-- Problem --
In your copy of the data, keep every word exact and include no pictures.

(Caption-style text data)
*** Begin section ***

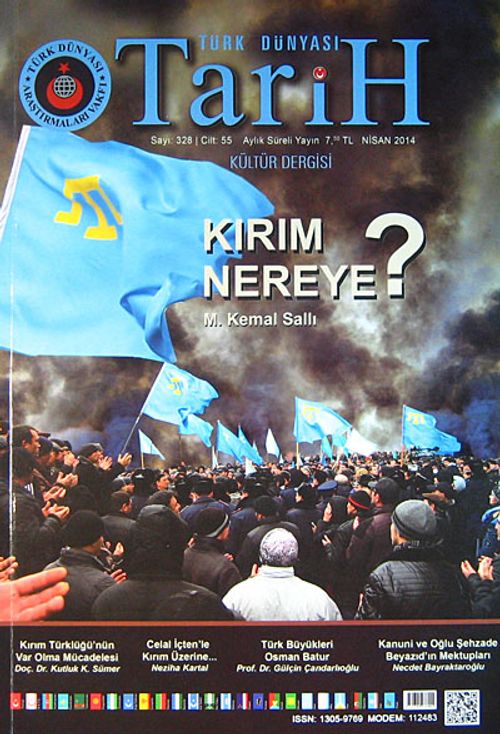 Türk Dünyası Araştırmaları Vakfı Dergisi Nisan 2014 / Sayı:328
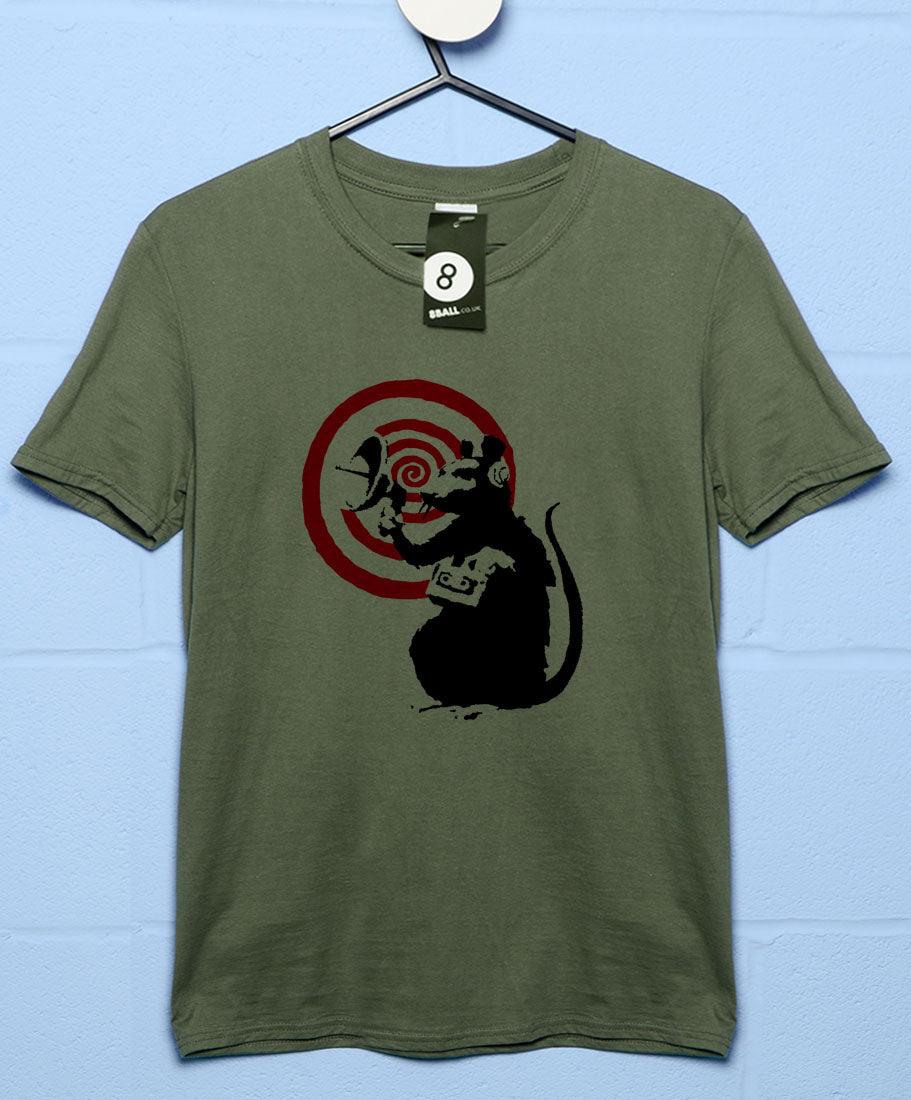 Banksy Radar Rat T-Shirt For Men 8Ball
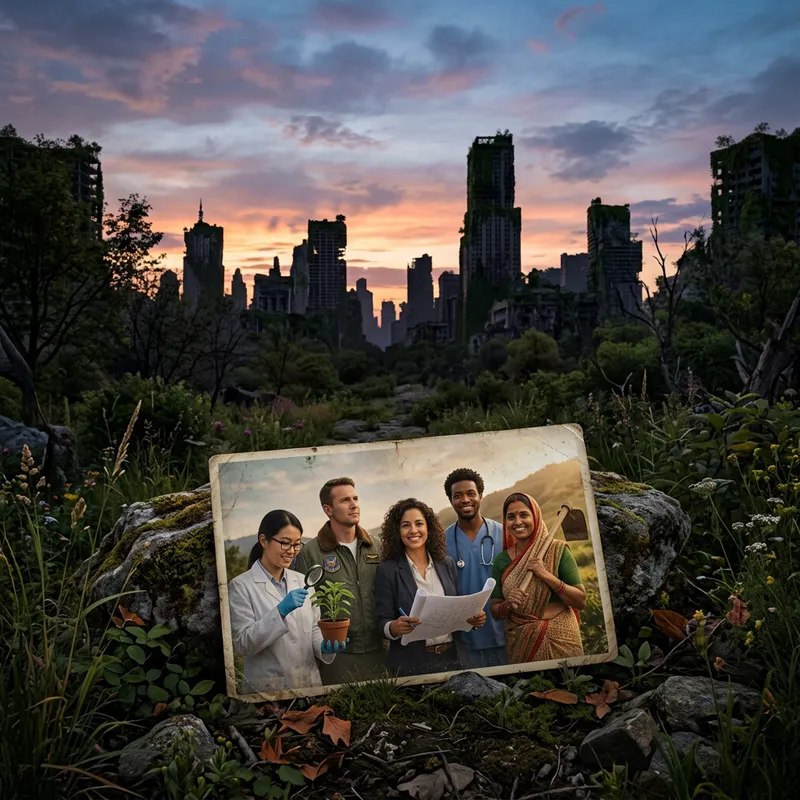 The Last Photo of Humanity: A Dusk Vision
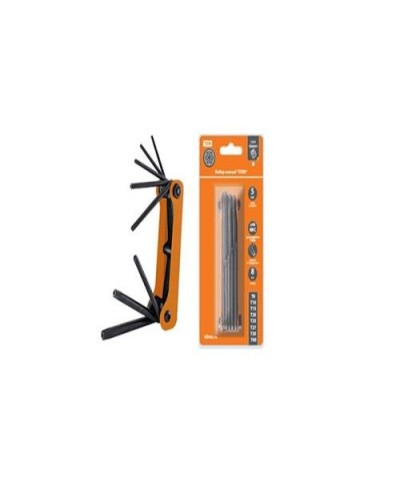 Набор ключей TORX раскладной 8шт.: T9-T40, углеродистая сталь Гранит TDM (SQ1020-0211). Набор ключей. TDM ЕLECTRIC в Новомосковске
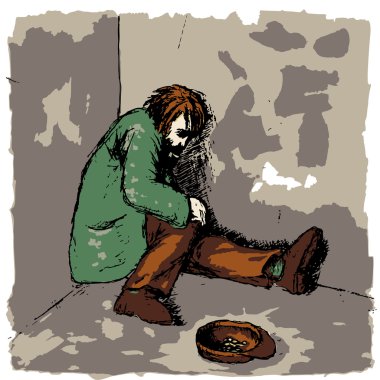 Homeless clipart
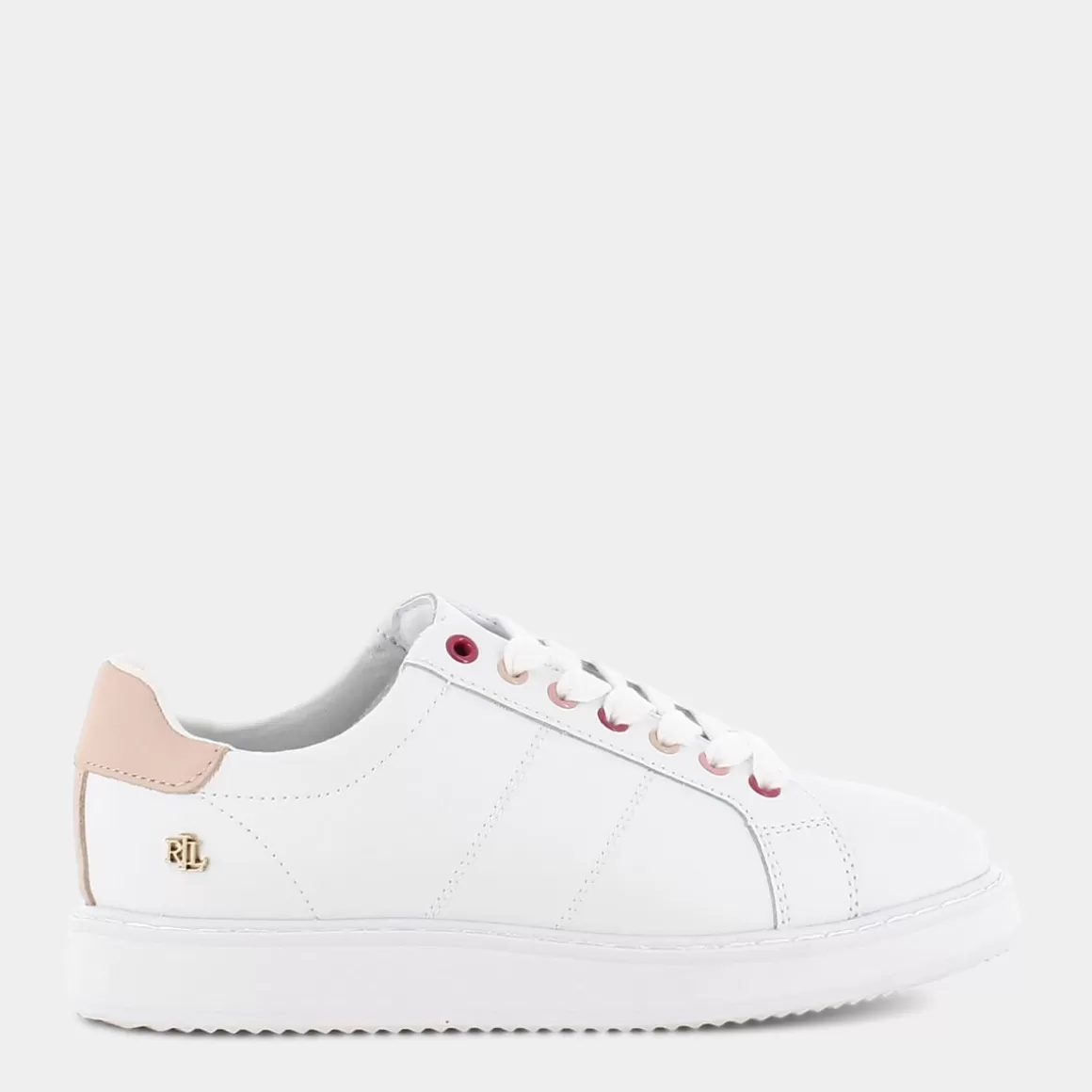 Shop LAUREN RALPH LAUREN 802813897006 Angelin Sneakers Bianco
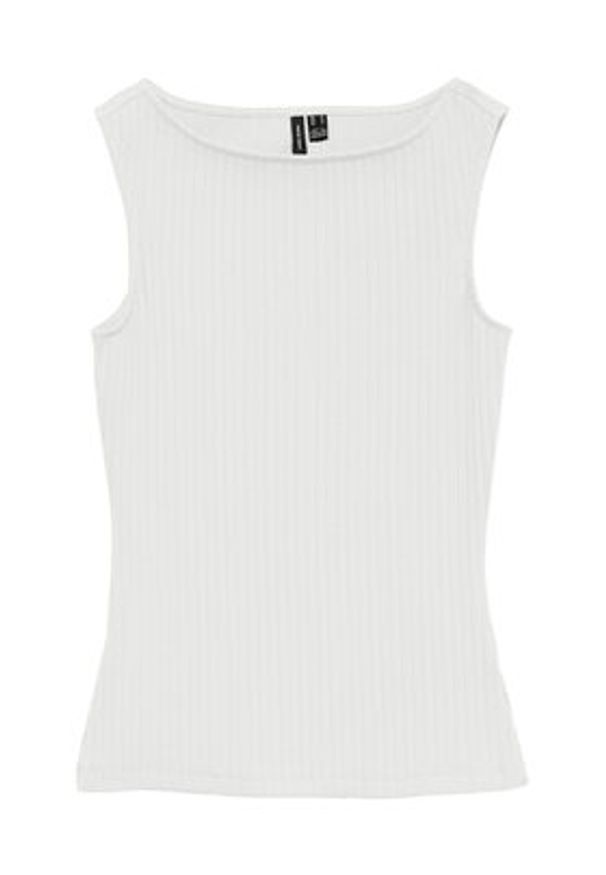 Vero Moda Top Ruby 10342997 Biały Slim Fit. Kolor: biały. Materiał: bawełna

*** End section ***

-- Response area --
 Türk Dünyası Araştırmaları Vakfı Dergisi Nisan 2014 / Sayı:328
 Banksy Radar Rat T-Shirt For Men 8Ball
 The Last Photo of Humanity: A Dusk Vision
 Набор ключей TORX раскладной 8шт.: T9-T40, углеродистая сталь Гранит TDM (SQ1020-0211). Набор ключей. TDM ЕLECTRIC в Новомосковске
 Homeless clipart
 Shop LAUREN RALPH LAUREN 802813897006 Angelin Sneakers Bianco
 Vero Moda Top Ruby 10342997 Biały Slim Fit. Kolor: biały. Materiał: bawełna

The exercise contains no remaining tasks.